A new-car dealer’s annual Illinois license fee would be based on the number of units he sold the previous year, with top sellers paying $1,500 a year, under legislation being considered in Springfield. The fee rose in 2004 from a flat $100 to $1,000.

 

The legislation, House Bill 280, would change the license fee for dealers who sell 3,000 or more vehicles to $1,500, and $750 for each additional dealership to which the application pertains. At the low end, dealers who sell 499 vehicles or fewer would pay just $250 a year, plus $125 for any additional businesses. 

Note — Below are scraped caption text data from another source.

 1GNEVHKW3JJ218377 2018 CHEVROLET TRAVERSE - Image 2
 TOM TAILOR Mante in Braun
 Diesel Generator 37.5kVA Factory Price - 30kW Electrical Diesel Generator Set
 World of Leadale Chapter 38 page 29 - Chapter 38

Other thresholds and fees, under HB280: 2,000-2,999 units: $1,250/$625; 1,500-1,999 units $1,000/$500; 1,000-1,499 units: $750/$375; 500-999 units: $500/$250.

 

A companion bill, HB4898, would amend the dealer’s annual license application to require applicants to declare to the secretary of state the number of units the dealership sold the previous year. 

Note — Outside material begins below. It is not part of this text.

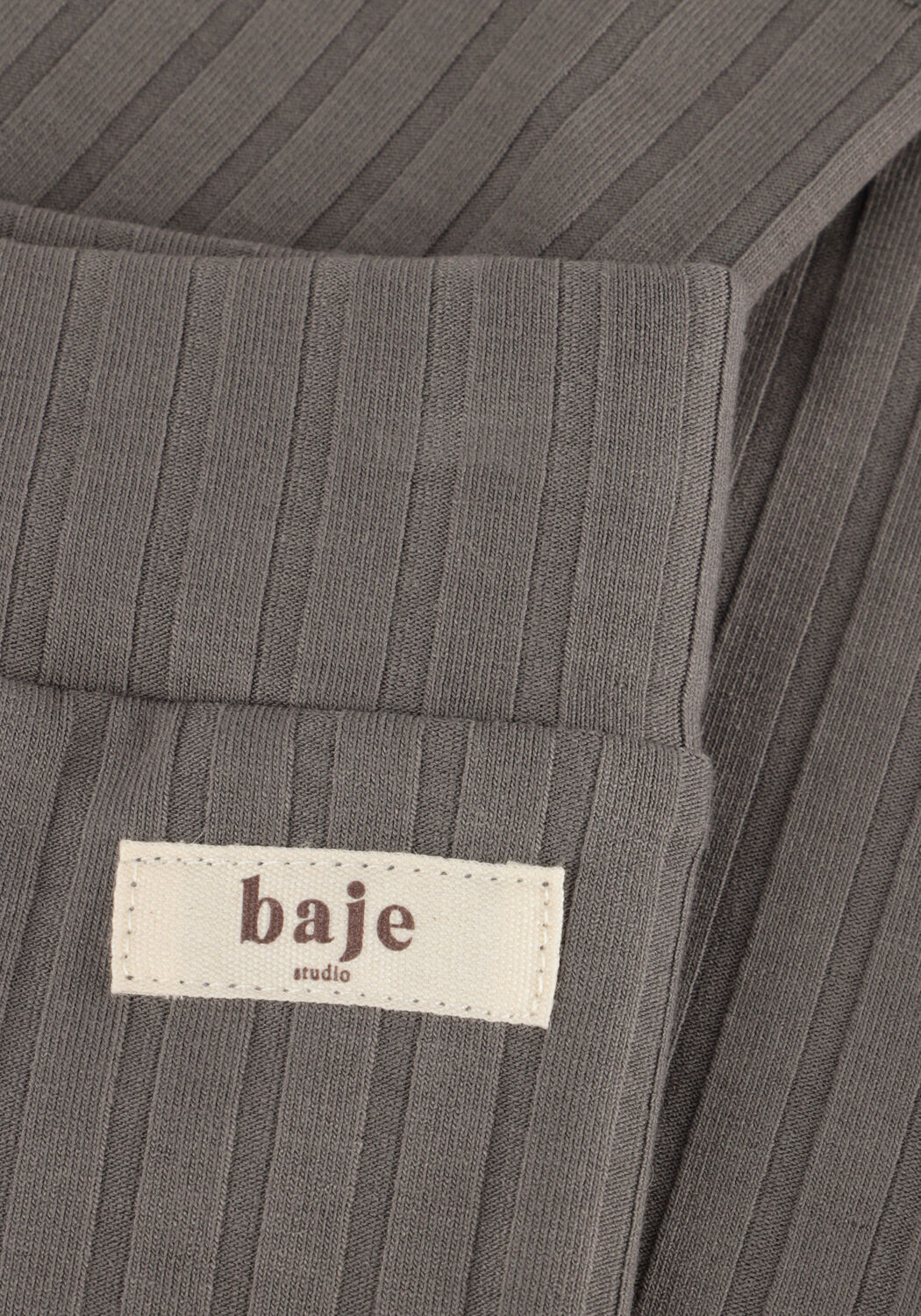 Graue BAJE STUDIO Legging MOLLY - large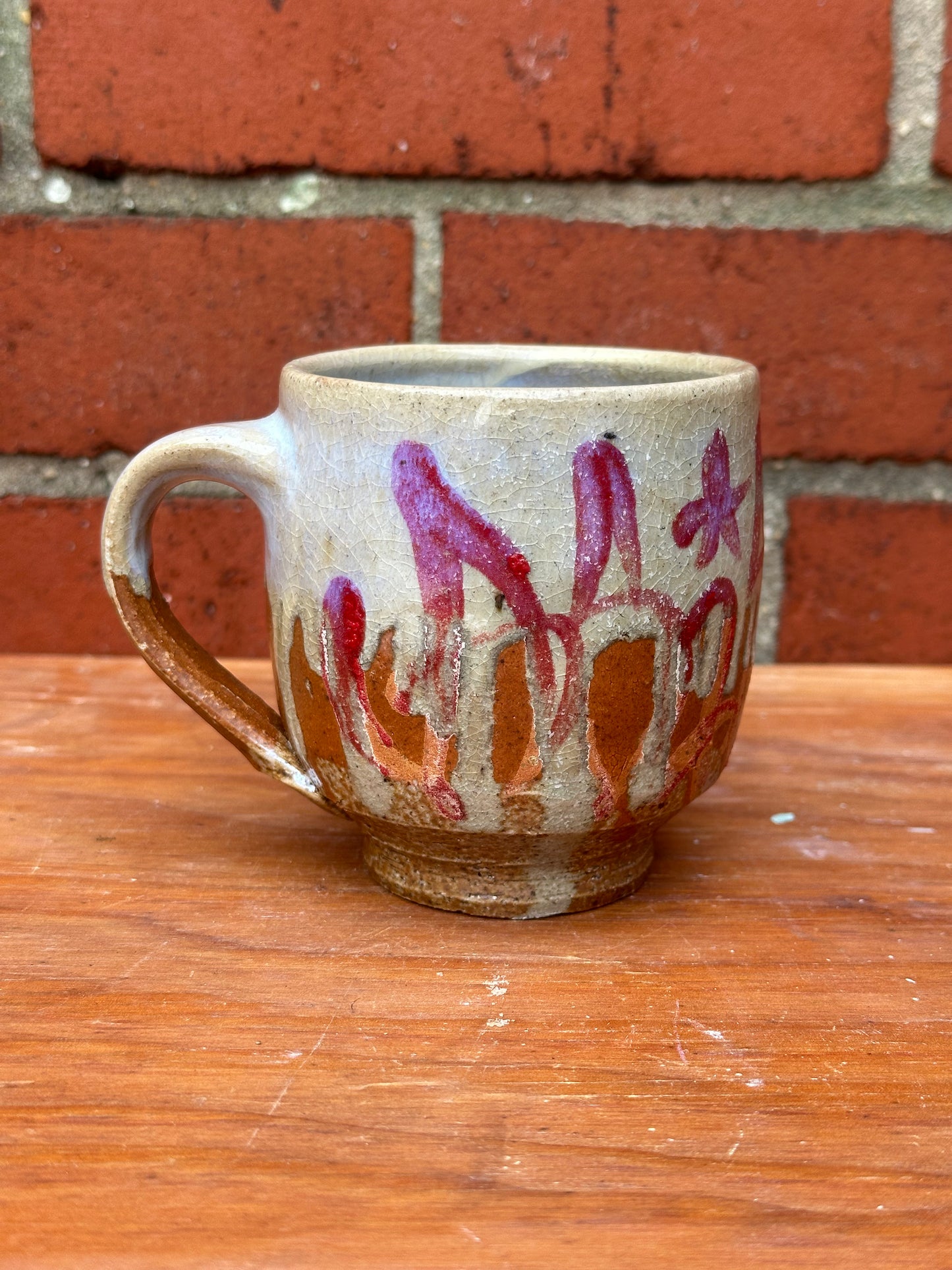 Salty Graffiti Mug 33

A third bill would place used-car dealer licenses on a sliding scale, at a slightly higher rate than that for new-car dealers. A used-car dealer would face a $1,500 fee if he sold 2,500 or more units the previous year.

 

Other legislation being considered in Springfield:

 

House Bill 4159 would amend the Illinois Vehicle Code to forbid selling a vehicle to someone who does not hold a valid driver’s license issued by a state, territory or other possession of the United States. Under current law, someone without a license, or whose license has been suspended, can buy all the cars he wants, but he cannot drive any of them off the lot. The measure has rested in the House Rules Committee since October.

 

Any person who causes property damage while driving without liability insurance would be committing a Class 4 felony, under HB4673. In addition, such a person would be guilty of a Class 3 felony if another person is injured, and a Class 2 felony if another person dies from the accident.

 

Senate Bill 2618 provides that the vehicle of a person who is involved in an accident while driving without liability insurance is subject to seizure and forfeiture, regardless of whether or not the person was at fault. The vehicle could be forfeited to the owner’s spouse or to a properly licensed family member.

 

To spur the sale of fuel-efficient cars, House Bill 4163 would extend a $500 income tax credit for each taxpayer who buys, at retail, a hybrid or a flexible-fuel vehicle from Dec. 31, 2007 through Dec. 30, 2008. Vehicles that are modified after manufacture to be a hybrid or alternate-fuel vehicle would not qualify for the credit, and the credit could not be carried forward or back. The bill has rested in the chamber’s Rule Committee since October.